Unidecode
Transliteration from Unicode to US-ASCII and ISO 8859-2.
Install / Use
/learn @jirutka/UnidecodeREADME
Unidecode
Unidecode is a Java port of Perl library Text::Unidecode that solves transliteration of an Unicode text to US-ASCII. This implementation is not limited only to ASCII characters, currently supports also ISO-8859-2 (aka Latin 2) and can be easily extended to more charsets (contributions are welcome).
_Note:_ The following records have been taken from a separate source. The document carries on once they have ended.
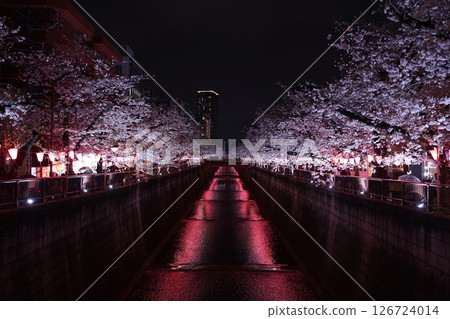 Illuminated cherry blossoms in spring Illuminated cherry blossoms in spring 126724014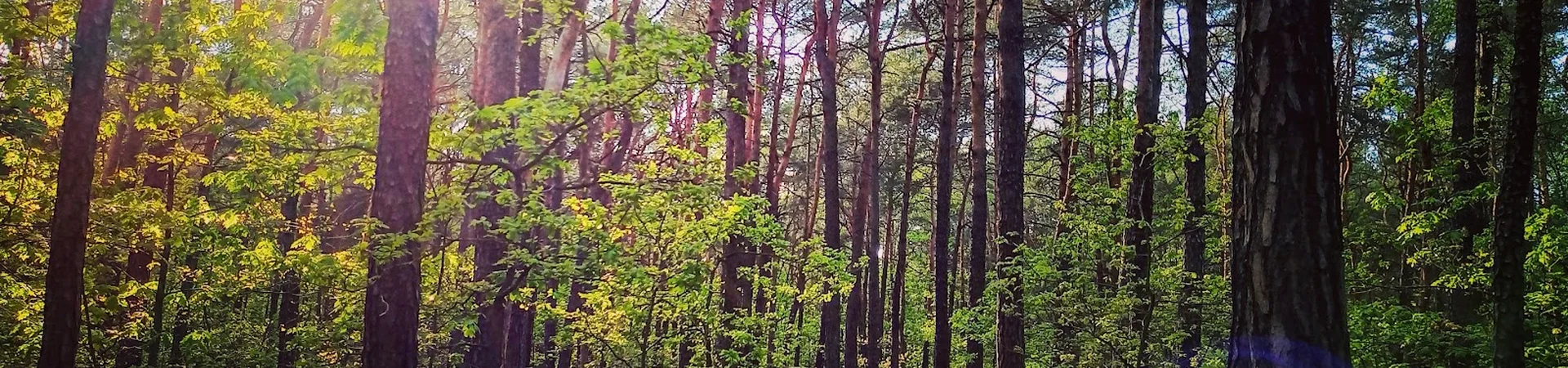 Charakterystyczne okolica Aleksandrowa Łódzkiego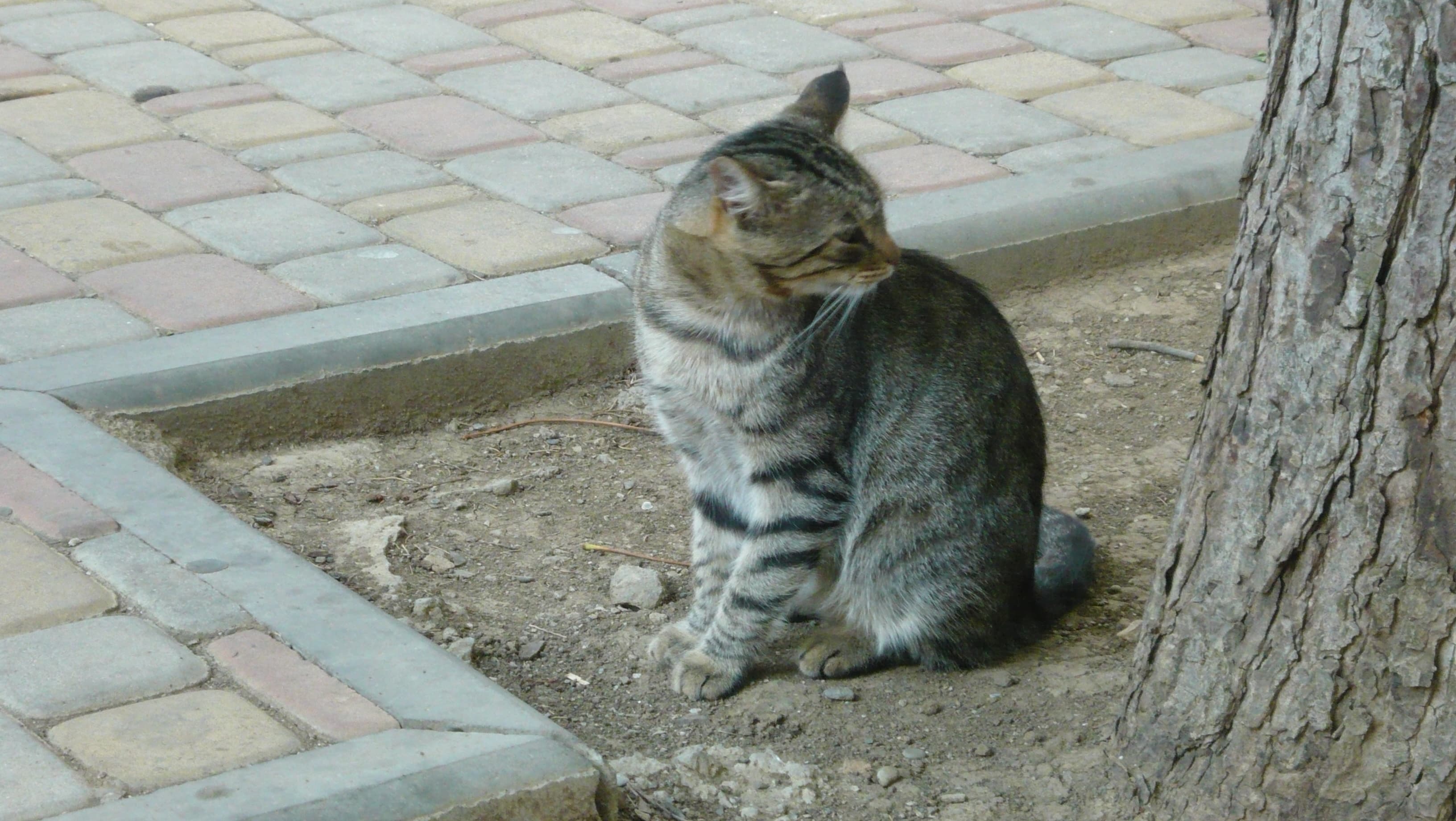 Cat-alushta2019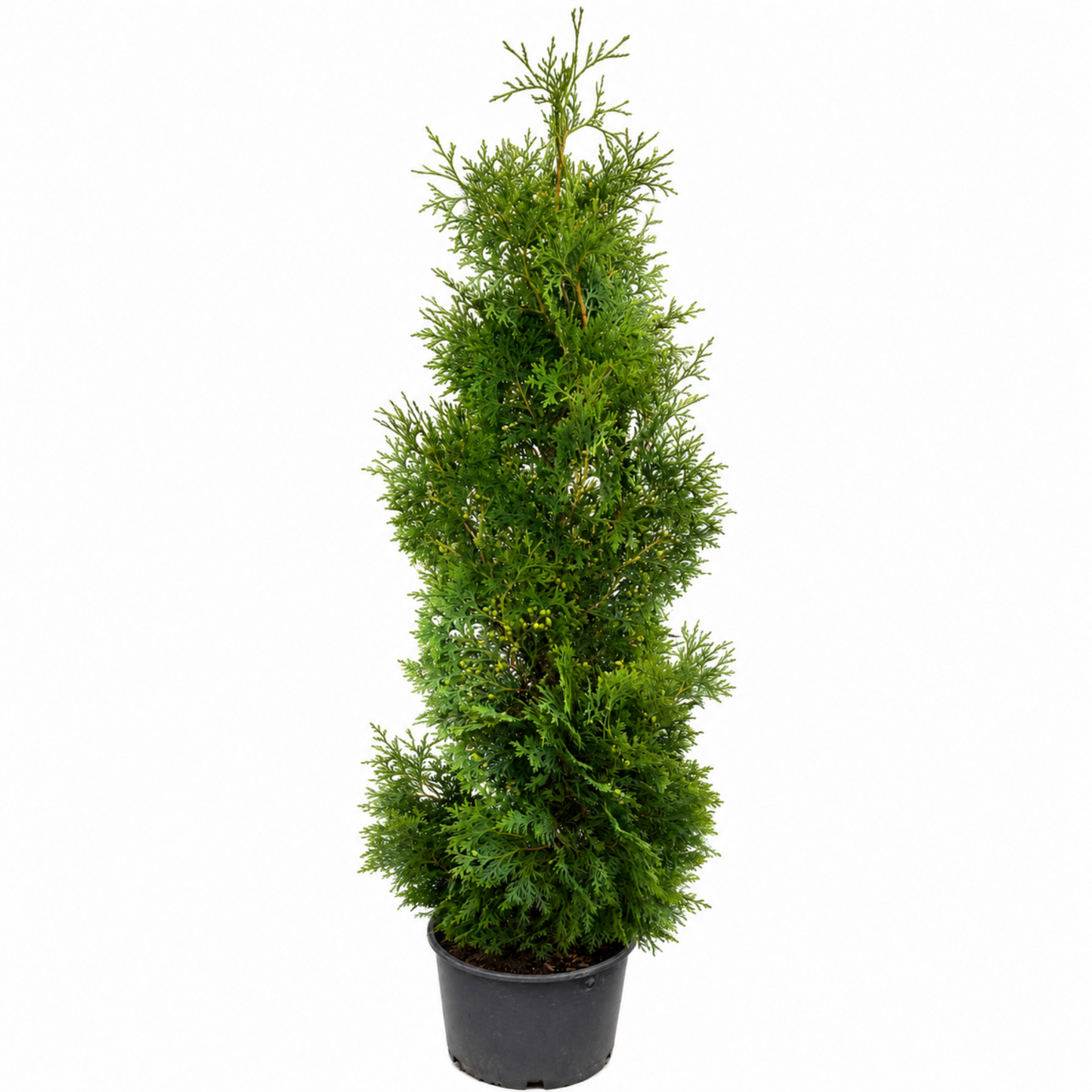 Holmstrup Arborvitae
Please note that this is just a quick and dirty method of transliteration, it’s not a silver bullet! Read a detailed description of it’s limitations from the original Text::Unidecode by Sean M. Burke.
How to Use
Transliterate to ASCII
Unidecode unidecode = Unidecode.toAscii();
unidecode.decode("České „uvozovky“");
>>> Ceske "uvozovky"
unidecode.decode("42 ≥ 24");
>>> 42 >= 24
unidecode.decode("em-dash — is not in ASCII");
>>> em-dash -- is not in ASCII
unidecode.decode("南无阿弥陀佛");
>>> Nan Wu A Mi Tuo Fo
unidecode.decode("あみだにょらい");
>>> amidaniyorai
Transliterate to ISO-8859-2
Unidecode unidecode = Unidecode.toLatin2();
unidecode.decode("České „uvozovky“");
>>> České "uvozovky"
Initials
Unidecode unidecode = Unidecode.toAscii();
unidecode.initials("南无阿弥陀佛");
>>> NWAMTF
unidecode.initials("Κνωσός");
>>> K
Maven
Released versions are available in The Central Repository. Just add this artifact to your project:
<dependency>
<groupId>cz.jirutka.unidecode</groupId>
<artifactId>unidecode</artifactId>
<version>1.0.1</version>
</dependency>
However if you want to use the last snapshot version, you have to add the Sonatype OSS repository:
<repository>
<id>sonatype-snapshots</id>
<name>Sonatype repository for deploying snapshots</name>
<url>https://oss.sonatype.org/content/repositories/snapshots</url>
<snapshots>
<enabled>true</enabled>
</snapshots>
</repository>
Other implementations
- Text::Unidecode for Perl (the original implementation)
- Unidecode for Python
- unidecoder for Ruby
- unidecode for JavaScript
Credits
This project is a fork of the unidecode written by 徐晨阳 (xuender).
License
This project is licensed under Apache License 2.0.
Character transliteration tables used in this project are converted (and slightly modified) from the tables provided in the Perl library Text::Unidecode by Sean M. Burke and are distributed under the Perl license.